▸ Entries provided
_ _ _ _ _

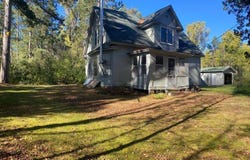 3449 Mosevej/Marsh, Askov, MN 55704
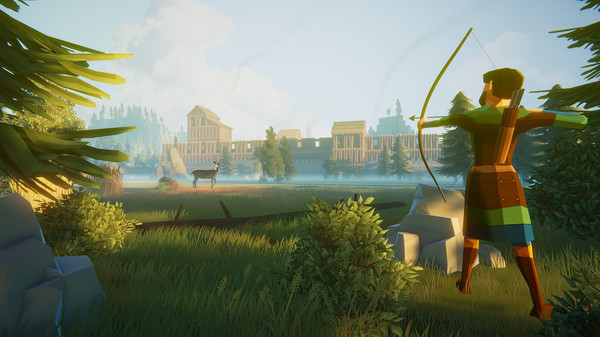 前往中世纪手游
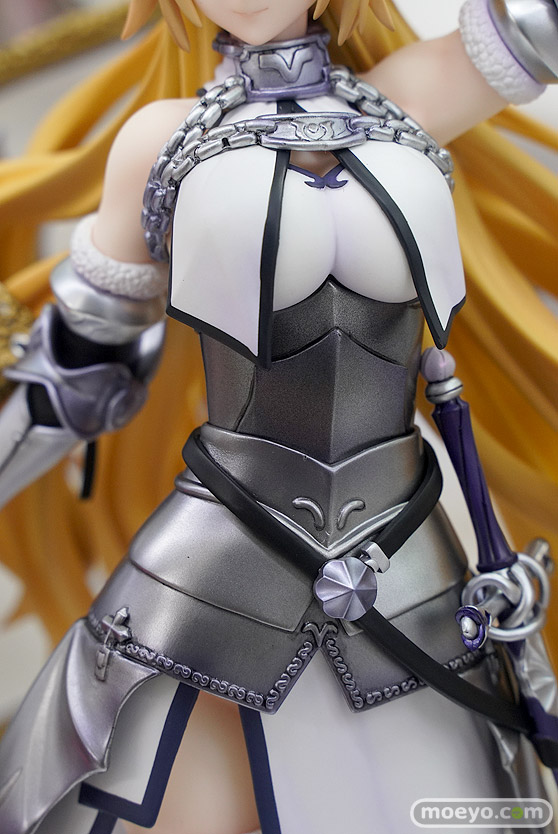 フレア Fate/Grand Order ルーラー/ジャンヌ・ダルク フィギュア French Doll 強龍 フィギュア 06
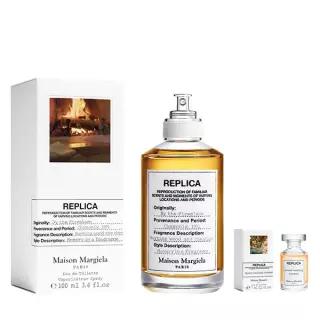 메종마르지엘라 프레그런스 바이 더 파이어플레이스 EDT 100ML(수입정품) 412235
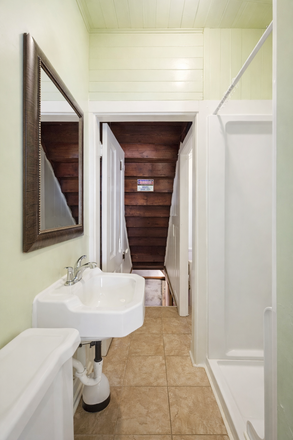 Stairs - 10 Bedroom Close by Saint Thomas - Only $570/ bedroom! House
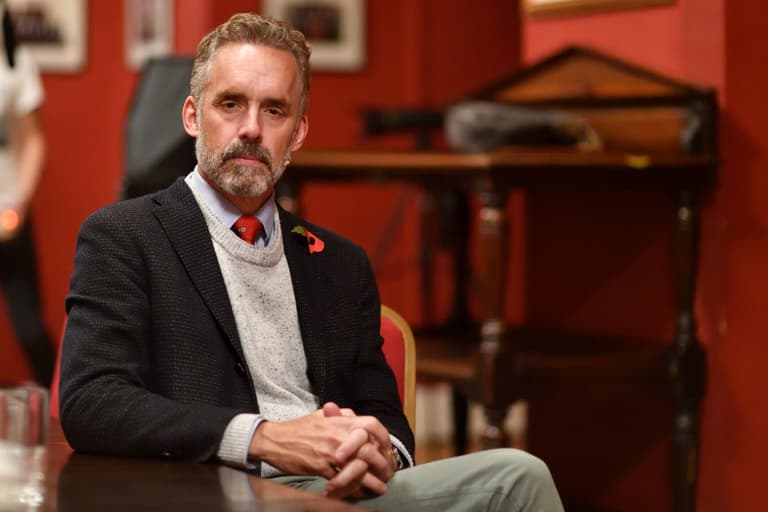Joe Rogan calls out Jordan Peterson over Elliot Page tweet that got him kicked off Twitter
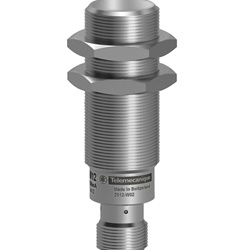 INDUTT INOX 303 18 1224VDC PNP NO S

_ _ _ _ _

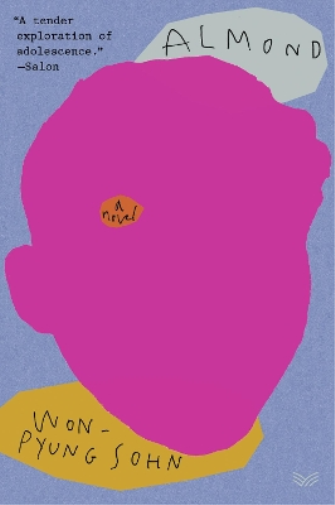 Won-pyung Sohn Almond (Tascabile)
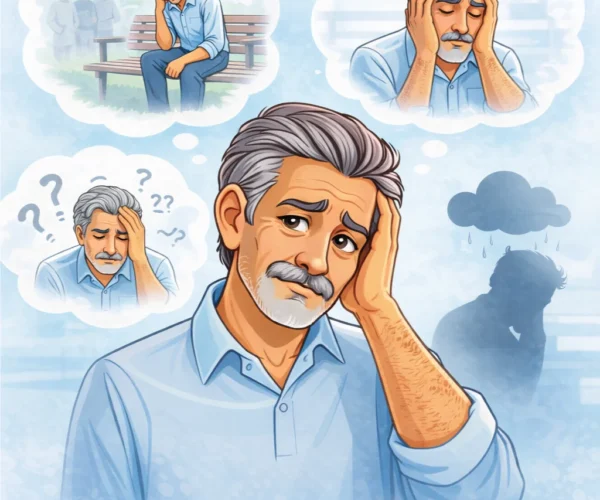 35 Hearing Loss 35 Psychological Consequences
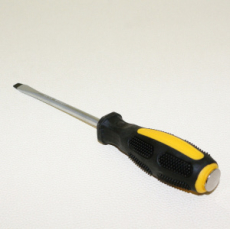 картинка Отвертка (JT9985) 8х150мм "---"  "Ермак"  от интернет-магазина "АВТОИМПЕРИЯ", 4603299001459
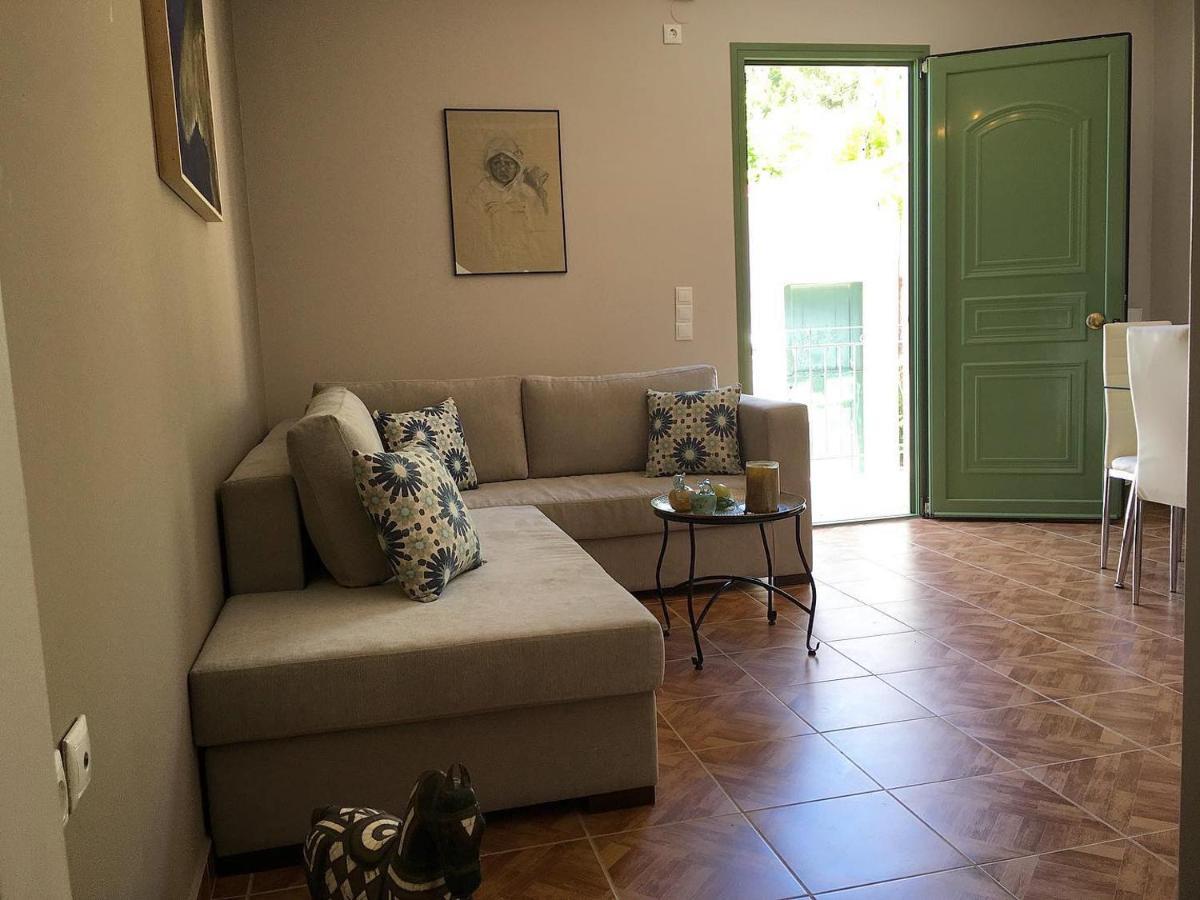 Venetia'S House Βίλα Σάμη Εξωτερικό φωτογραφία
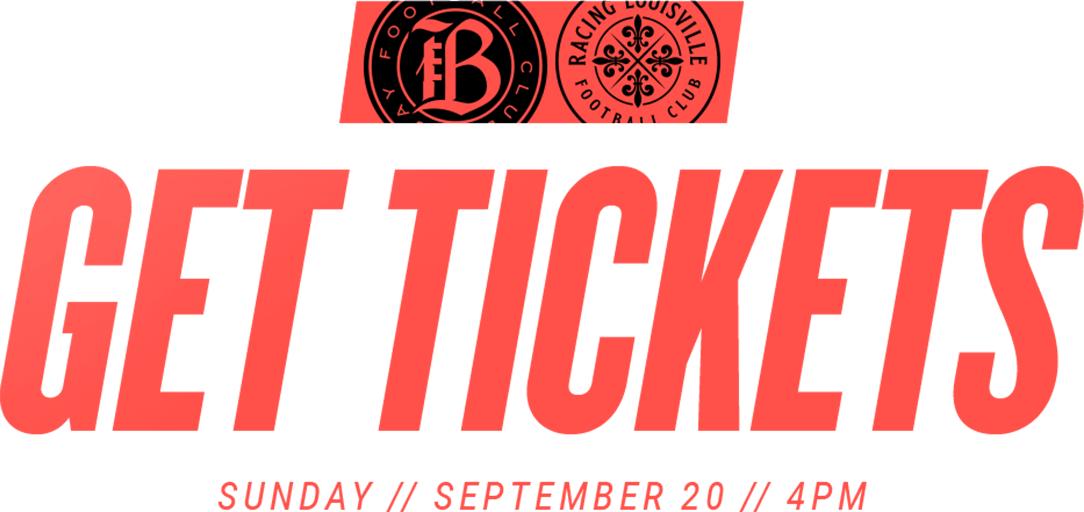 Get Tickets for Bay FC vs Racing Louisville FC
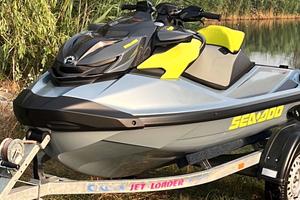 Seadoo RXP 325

_ _ _ _ _

▸ Aim of the exercise
In the listing above, find the line containing "Get Tickets for" and the line containing "Seadoo RXP 325", then output those two lines and everything between them exactly as written, without the images.

▸ Answer for the task
 Get Tickets for Bay FC vs Racing Louisville FC
 Seadoo RXP 325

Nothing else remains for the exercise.